Task Forces

The following task forces currently have a variety of activities and projects underway within our member-driven working groups, including the development of topical reports, white papers, fact sheets, technical and policy briefs, tutorials, webinars and blogs, etc.

Capacity Expansion Modeling for Transmission Planning – As we continue to add large amounts of wind and solar to the system and exhaust existing transmission capacity to bring those resources to load centers, it becomes increasingly important to consider resource and transmission expansion as an integrated process. For many utilities and ISOs, transmission planning is a separate, siloed process.

ESIG, supported by DOE, examined the use of capacity expansion models for transmission planning. This project examined capacity expansion model capabilities and culminated in a half-day public workshop preceding the 2022 ESIG Fall Technical Workshop. The group convened both model vendors and transmission planners for a dialogue on how capacity expansion models can be used in transmission planning and what improvements can be made to the models or the processes.

Aligning Retail Pricing and Grid Needs – The goal of this task force is to explore how we can align price signals and incentives for customers with grid needs to maintain reliability. Our future grid will need flexibility and retail pricing is a powerful way to get flexibility from demand. The task force will bring together retail pricing experts and grid experts to see what types of solutions make sense in a future that is highly decarbonized, as well as a nearer term transition to that future.

Completed white papers include:

“Tapping the Mother Lode: Employing Price-Responsive Demand to Reduce the Investment Challenge,” by Michael Hogan

“Why Is the Smart Grid So Dumb?: Missing Incentives in Regulatory Policy for an Active Demand Side in the Electricity Sector,” by Travis Kavulla

“Heat Pump–Friendly Cost-Based Rate Designs,” by Sanem Sergici, Akhilesh Ramakrishnan, Goksin Kavlak, Adam Bigelow, and Megan Diehl

Task Force Lead: Carl Linvill, Regulatory Assistance Project (RAP)
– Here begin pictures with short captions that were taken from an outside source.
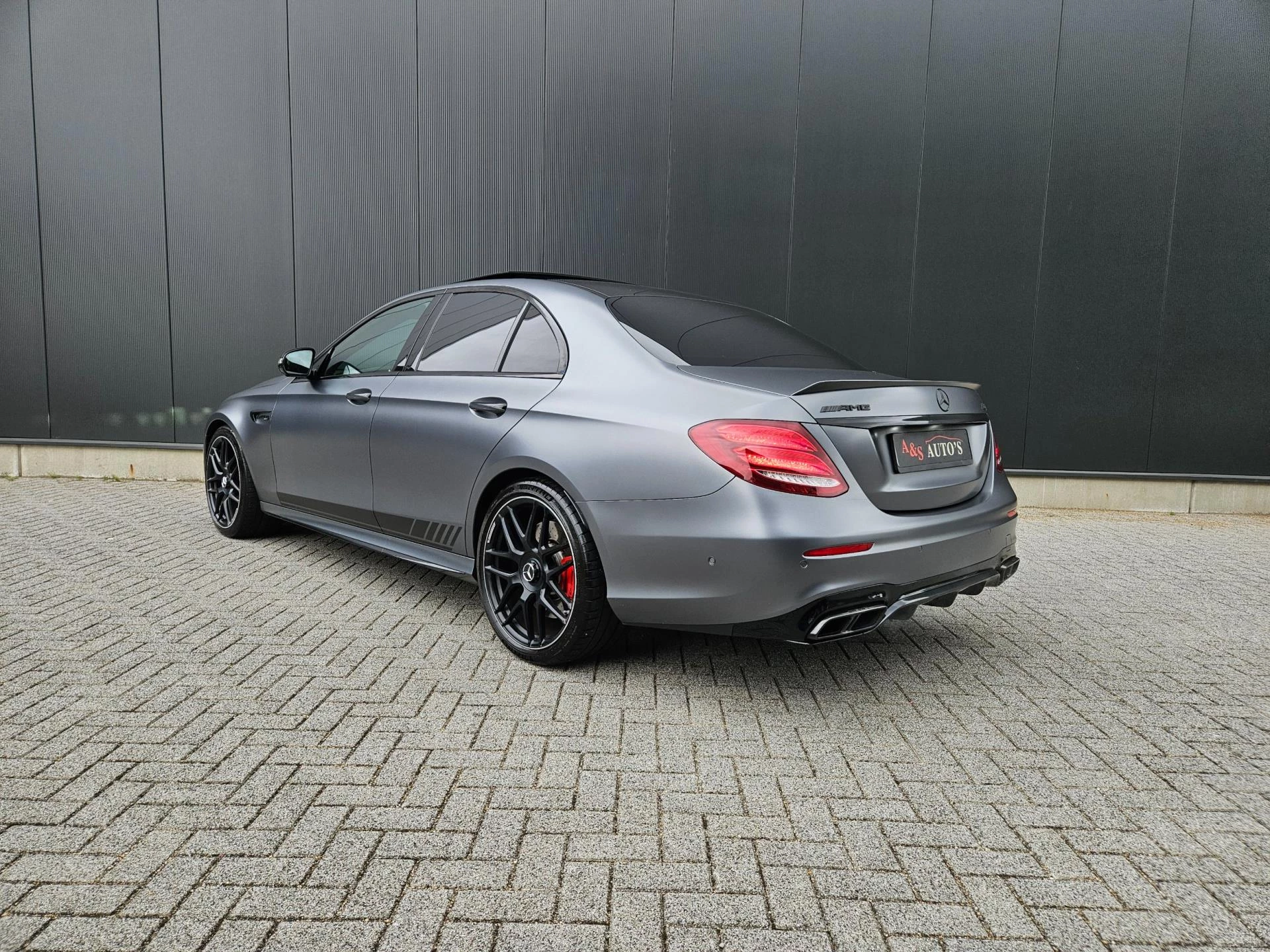 Hoofdafbeelding Mercedes-Benz E-Klasse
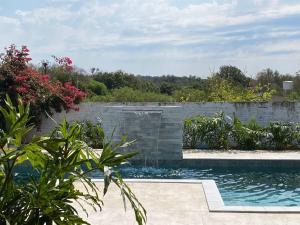 Casa de Campo - 15 Minutos das Cataratas e Aeroporto - Piscina com água salgada e muito espaço ao ar livre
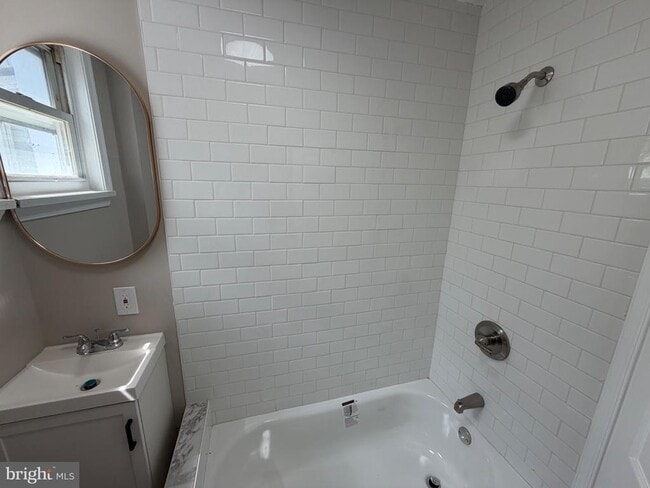Photo - 2934 N Taylor St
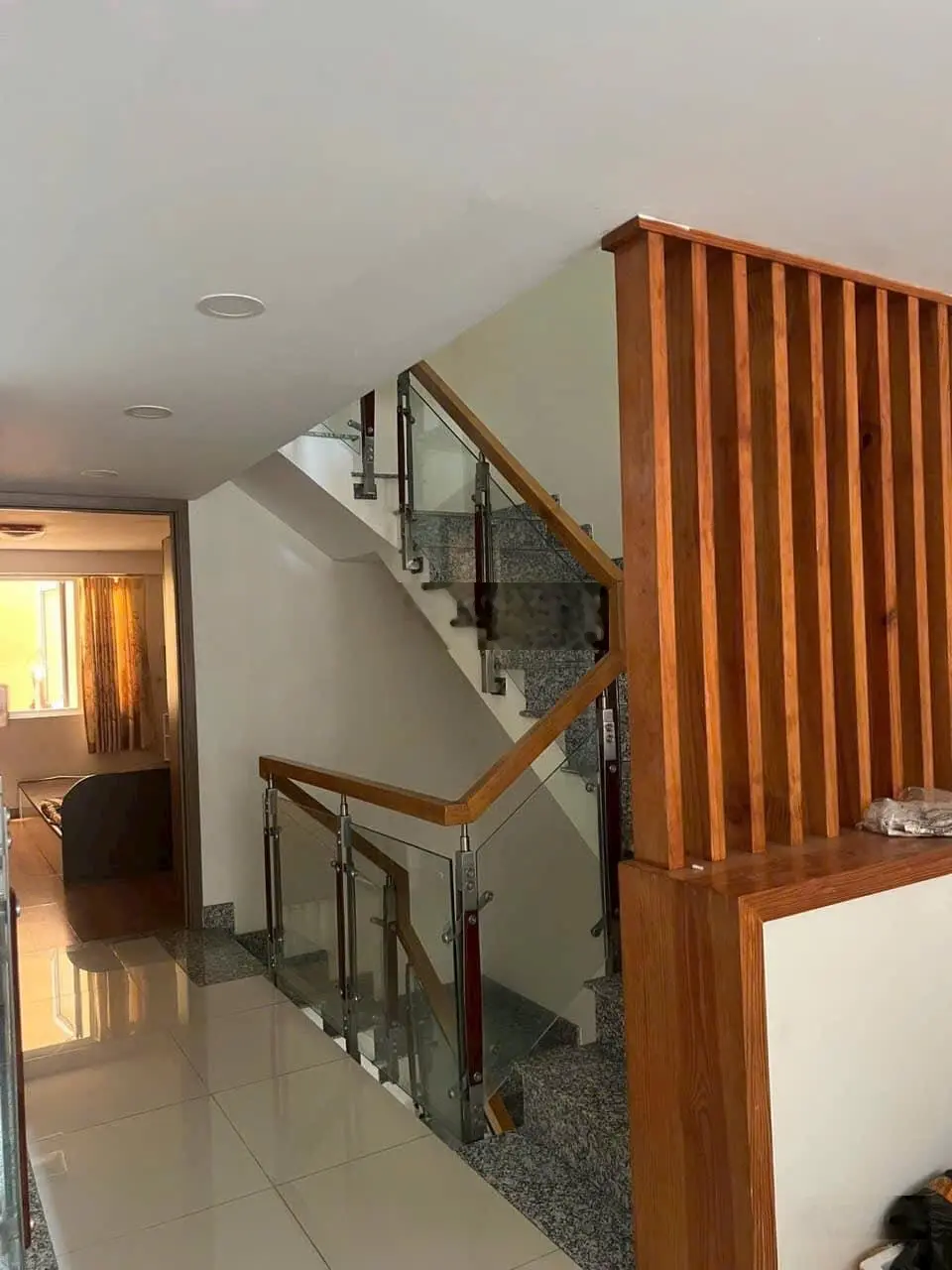 Khu phân lô -xe hơi ngủ nhà - lê quang định - 4.2x16m -5 tầng -có chỗ lắp thang máy- 12.9 tỷ tl chủ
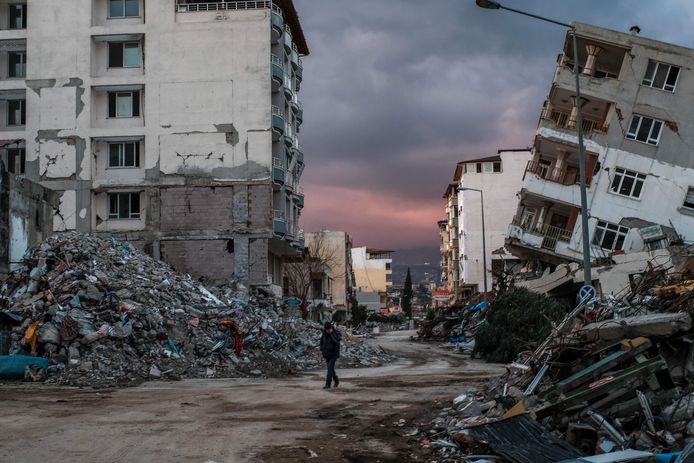 Vernielde gebouwen in de Turkse provincie Hatay na de zware aardbevingen van 6 februari.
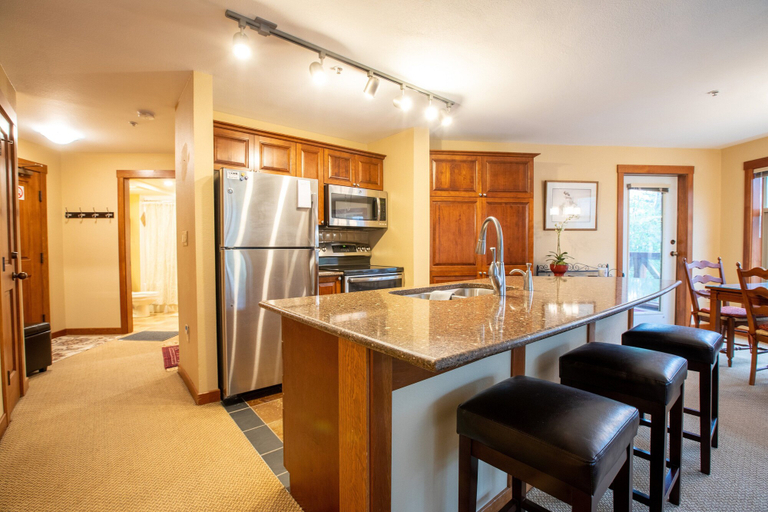 Private kitchen 3, Powderhorn Lodge Deluxe Condos - Solitude UT, Salt Lake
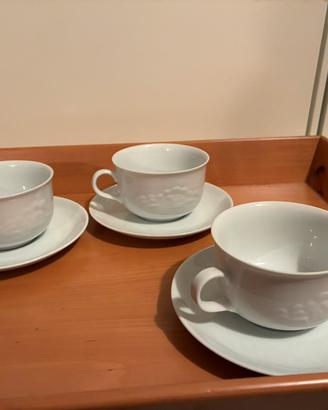 Tazze bianche con piattino mulino bianco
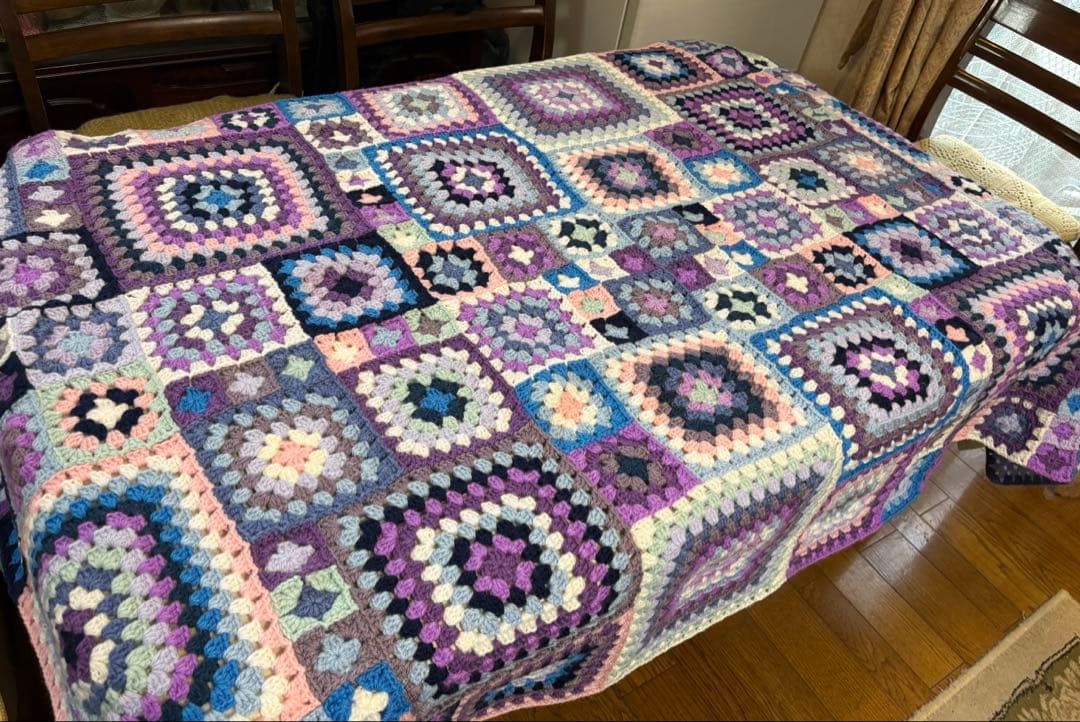 大判✳︎ハンドメイド✳︎グラニースクエア✳︎ブランケット✳︎マルチカバー ハンドメイド かぎ針編み グラニースクエア ブランケット ひざ掛け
Redefining Resource Adequacy (Capacity Accreditation) – This task force seeks to evaluate the state of the art practice for capacity accreditation. It will evaluate novel capacity accreditation methods and procurement mechanisms necessary for system planning and reliability with a changing energy mix, new technologies, and decarbonization goals.

Completed work includes:

Task Force Lead: Derek Stenclik, Telos Energy

Grid Planning for Vehicle Electrification – This task force seeks to evaluate the state of the art practice for electrification impacts, particularly electric vehicles on grid planning. It will evaluate novel planning methods and identify, develop, and evolve best practices and next steps for planning and operations. Topics of particular interest include dynamic charging behavior, and the impacts of heavy, medium, and light duty vehicles on planning.

Current work underway includes:

Identification of best practices in planning across multiple considerations
Evolution of tools needed to assess EV impacts, driving/charging behaviors, and charging uncertainty
Sequencing of next steps for the industry and research communities for electrification

Task Force Lead: Sean Morash, Telos Energy

Flexibility Resources – Emerging flexibility resources such as hydrogen and industrial electrification will become important as we look to meet decarbonization goals. In this task force, the focus is on understanding the role of and integration of future flexibility resources (including industrial electrification, hydrogen and low/zero-carbon fuels), and to reach a common understanding of how to assess and integrate these new flexibility resources. The TF is reviewing international experiences, and identifying gaps and challenges in integration of new flexibility resources.

Current work underway includes:

Developing policy brief
Developing blog post

Completed work includes:

Task Force Lead: Aidan Tuohy, EPRI

High Share of Inverter-Based Generation – The objective of this task force is to develop an understanding of system need and the options for stable operation of future power systems with a very high share of inverter-based generation like wind, solar and storage, and a roadmap for making the transition from the power system of today to a future one dominated by inverter-based generation, working with research organizations, OEMs, and system operators to build a consensus.

Current work underway includes:

Next Step: Exploring needs and capabilities for integration of planning processes and studies

Completed work includes:

Task Force Lead: Julia Matevosyan, ESIG

Hybrids and Emerging Flexible Resources (HyFlex) – The purpose of this task force is to create a working community to develop concepts around emerging co-located, hybrid and highly flexible resources. These approaches are rapidly growing for digitally-controlled, integrated technologies such as PV solar with battery storage, but the concepts may apply broadly to combined technologies, aggregated distributed energy resources, and hierarchies of devices on both transmission and distribution systems.

Completed work includes:

Task Force Lead: Derek Stenclik, Telos Energy

Services Project Team

Objective: The objective of this PT is to identify new services needed in a power system with high IBR.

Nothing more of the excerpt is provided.